Hackman (who died in 2013) noted that teams are hampered by problems of co-ordination and motivation that chip away at the benefits of collaboration. High-flyers forced to work in teams may be undervalued and free-riders empowered. Groupthink may be unavoidable. In a study of 120 teams of senior executives, he discovered that less than 10% of their supposed members agreed on who exactly was on the team. If it is hard enough to define a team’s membership, agreeing on its purpose is harder still.
Indeed. In Why a Board, I reviewed at length the literature on group decision making. It is true that groups have advantages with respect to certain types of tasks: "groups are superior at evaluative tasks. ... Group decisionmaking presumably checks individual overconfidence by providing critical assessment and alternative viewpoints .... The proposition that group decisionmaking counteracts individual biases obviously overlaps with the claim that group decisionmaking is an adaptive response to bounded rationality.
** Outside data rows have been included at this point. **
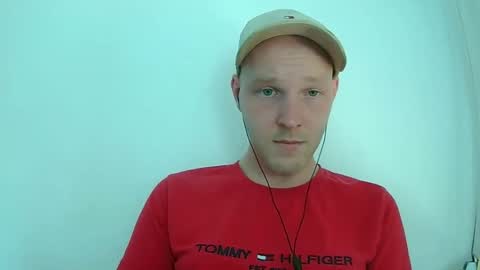 lobert96 online show from September 2025 12:16:01 PM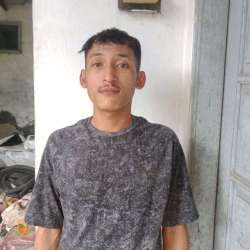 muhamad zaenudin
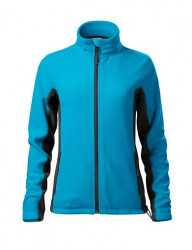 Jacheta polar Frosty dame 220gr/mp, diverse culori Malfini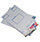 GoSecure Extra Strong Water Resist Polythene Envelope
Numerous studies suggest that groups benefit from both pooling information and from providing opportunities for one member to correct another's errors."
But groups are less well suited to other types of tasks:
The old joke about the camel being a horse designed by a committee captures the valid empirical observation that individuals are often superior to groups when it comes to matters requiring creativity. Research on brainstorming as a decisionmaking process, for example, confirms that individuals working alone generate a greater number of ideas than do groups. Strikingly, this is especially true when the assigned task is “fanciful” rather than “realistic.”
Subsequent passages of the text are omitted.